*** Opening of Material provided ***

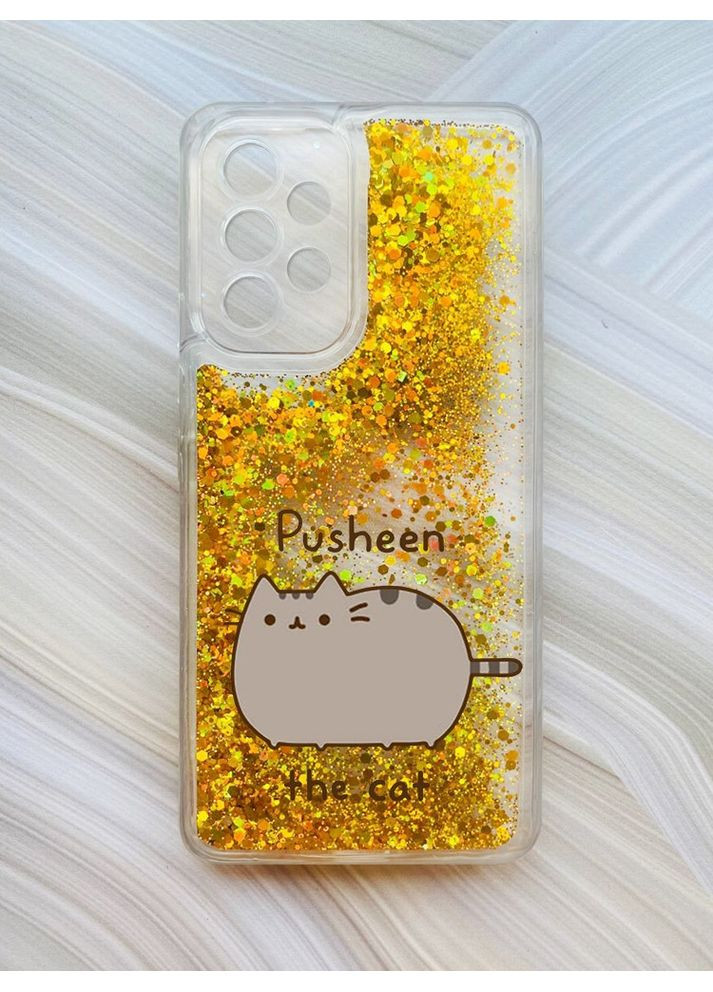 Чохол з плаваючими золотими блискітками на Samsung Galaxy A53 4G/A53 5G Пушин котик (принт 412) Creative (356122001)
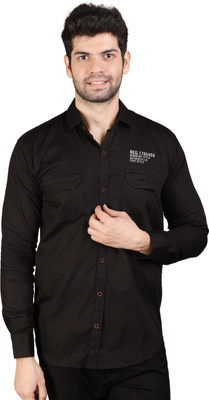 Lyphy Enterprise Men Solid Casual Black Shirt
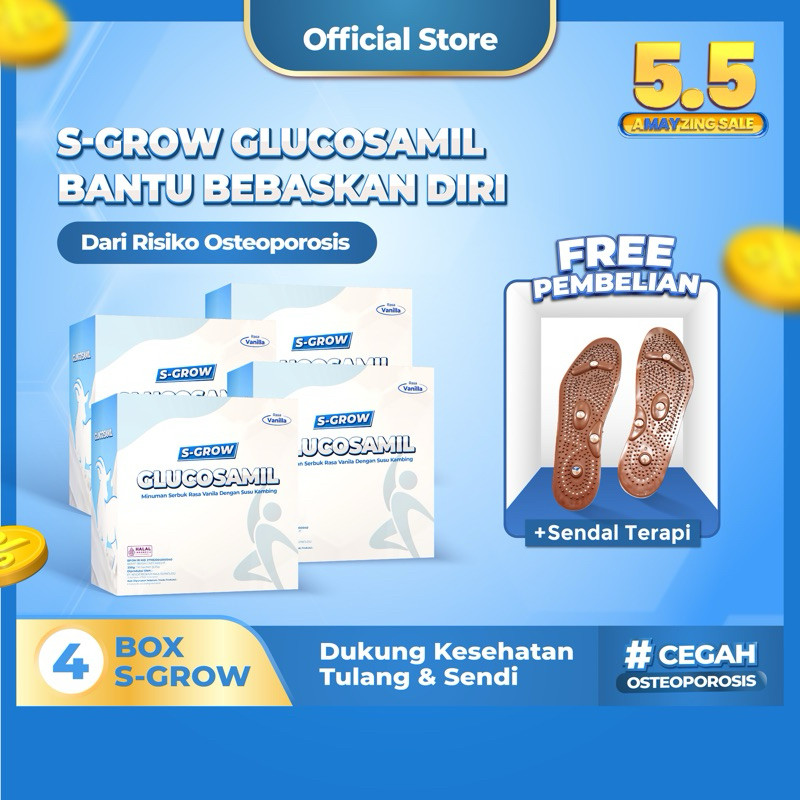 

S-GROW GLUCOSAMIL 4 BOX - Susu Bubuk Dewasa Vanila [Untuk Tulang & Sendi]
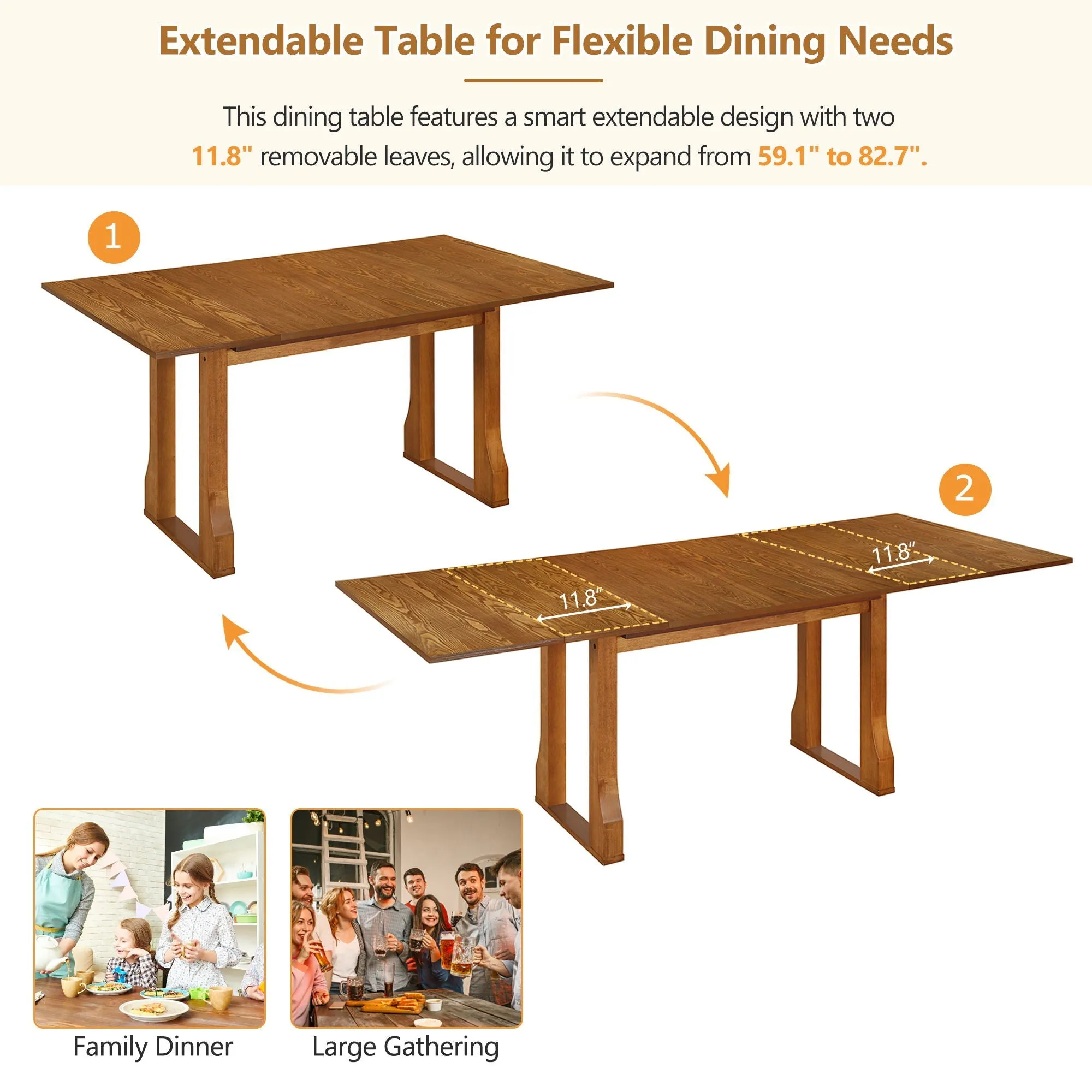 6 Piece Extendable Dining Table Set With 4 Wicker Back Upholstered Dining Chairs And Long Bench, 2 Removable Leaf by Couch.com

*** Close of Material provided ***

### Problem statement
Write the material out again exactly. Do not include the pictures.

### Completed task
 Чохол з плаваючими золотими блискітками на Samsung Galaxy A53 4G/A53 5G Пушин котик (принт 412) Creative (356122001)
 Lyphy Enterprise Men Solid Casual Black Shirt

S-GROW GLUCOSAMIL 4 BOX - Susu Bubuk Dewasa Vanila [Untuk Tulang & Sendi]
 6 Piece Extendable Dining Table Set With 4 Wicker Back Upholstered Dining Chairs And Long Bench, 2 Removable Leaf by Couch.com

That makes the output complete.